Breadcrumb

Tariffs, Empire, and Conflict: Trade Policy in Argentina (1895–1950)

Research project
Inactive research
Project period
2021 - ongoing
Project owner
Unit for Economic History, Department of Economy and Society

Short description

This thesis examines Argentina's trade policy evolution from 1895 to 1950, contributing to debates about the country's long-term economic performance and divergence process during the twentieth century. The research bridges the literature on commercial policy during Argentina's export-led growth period and its import-substitution era, contributing to interpretations of when and why the country's economic trajectory changed.

Doctoral student: Juan Pablo Juliá
Supervisor: Anna Missiaia
Assistant supervisor: Svante Prado

This thesis reconstructs the long-run evolution of Argentina's tariffs using detailed product-level data, estimates the impact of discriminatory trade policies on bilateral trade flows, analyzes parliamentary debates on tariff reforms using text analysis methods, and examines the relationship between trade exposure, immigration, and labour conflicts in Buenos Aires. By combining these different approaches—quantitative reconstruction, impact estimation, political discourse analysis, and micro-level labour market analysis—the thesis provides a comprehensive understanding of how trade policy evolved and how it shaped, and was shaped by, political and social conflicts during Argentina's transition from export-led growth to import substitution.

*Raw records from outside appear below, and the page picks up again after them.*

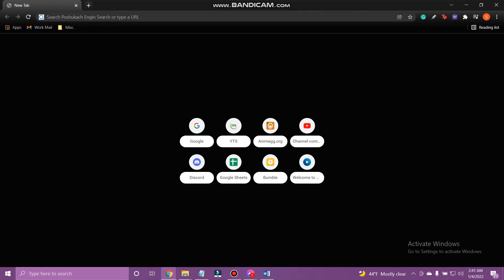Hello everyone, welcome back to Tech TV and an easy-to-follow tutorial on Carrington Mortgage. In today's video, I'm going to show you how to log in to Carrington Mortgage, so please make sure to watch till the end. Subscribe to our channel Tech TV and ring the notification bell so that you'll get notified on our next interesting upload.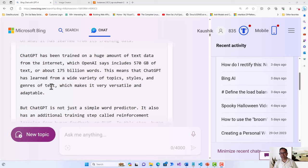This means that ChatGPT has learned from a wide variety of topics, styles, and genres of text, which makes it very versatile and adaptable. That kind of huge resource has gone into the training of ChatGPT. Apart from being a word predictor, it also has special training imparted to it.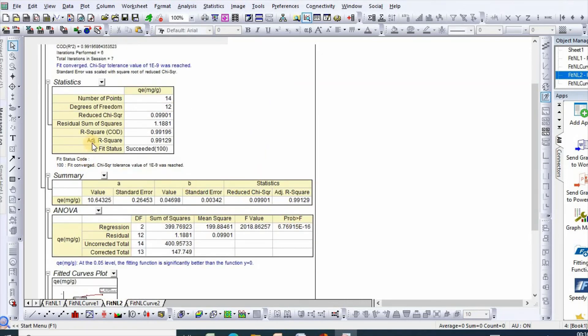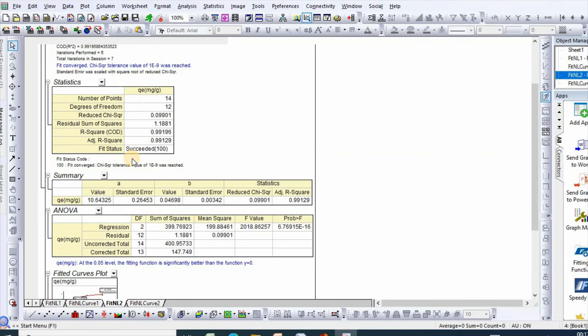So this is how we can perform error analysis for adsorption isotherm study using Origin software.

The thesis demonstrates that Argentina's economic trajectory cannot be understood through simple narratives of policy shifts. Contrary to conventional wisdom, tariff protection was remarkably high in the late 19th century—substantially higher than previous studies suggested—but this early protection primarily served fiscal and political purposes rather than industrial development. High tariffs protected primary industries like sugar, wine, tobacco, and leather to maintain political stability between interior provinces and littoral agricultural elites while generating substantial state revenues. The powerful Pampean agricultural export elites tolerated this protection because it preserved the agro-export economy's smooth functioning: agricultural inputs remained lightly taxed, fiscal revenues supported state operations, and regional political support was maintained.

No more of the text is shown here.